End-to-End Imitation Learning for SO-101 with ROS 2
Complete ROS 2 workflow from teleoperation to remote GPU inference for accessible robot learning.
Developer Dmitri Manajev has launched SO-101 ROS Physical AI, an open-source ROS 2 stack designed specifically for the affordable SO-101 robot arm. The project creates a complete, practical workflow for imitation learning on real hardware, addressing a gap in available resources. It includes everything from robot bringup and ros2_control integration to leader/follower teleoperation for collecting demonstrations and multi-camera support for episode recording. The system converts rosbag/MCAP files into LeRobot datasets and supports popular policies including ACT, SmolVLA, and π0/π0.5.
The architecture enables both synchronous on-device inference and asynchronous remote inference via a policy server, allowing computationally intensive models to run on separate GPU hardware while the robot executes actions locally. This makes advanced imitation learning accessible even with limited onboard compute. The typical workflow involves teleoperating the robot to collect demonstrations, converting recordings to LeRobot format, training policies, and deploying them back to the physical robot through ROS 2. Manajev designed the project specifically for students, researchers, and hobbyists who want to learn learning-based control in robotics with practical, reusable examples rather than isolated demos.

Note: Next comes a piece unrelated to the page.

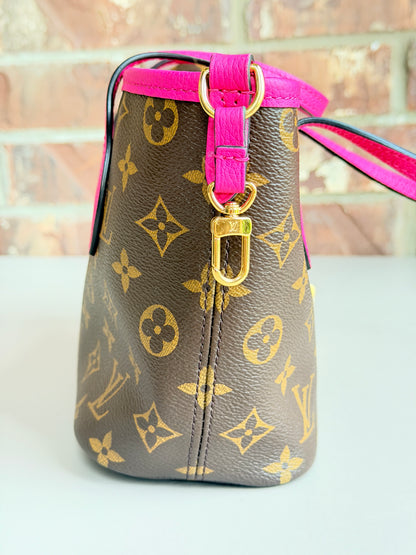 Louis Vuitton Monogram Neverfull Inside Out Bandouliere BB Rose Pondichery 59281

Demo videos showcase key components including async policy inference with remote servers, the episode recording workflow, and teleoperation setup. The project bridges the ROS 2 and robot learning ecosystems by providing a single reference implementation covering the entire imitation learning pipeline on real hardware. As an actively developed open-source project, it serves both as a practical platform for experimentation and as an educational resource for those exploring modern robotics techniques.
- Complete ROS 2-native pipeline from teleoperation data collection to policy execution on real SO-101 hardware
- Supports both local inference and async remote inference via policy server for GPU-accelerated models
- Converts rosbag/MCAP recordings to LeRobot datasets compatible with ACT, SmolVLA, and π0/π0.5 policies
Why It Matters
Democratizes advanced robot learning by providing a complete, open-source workflow for imitation learning on affordable hardware.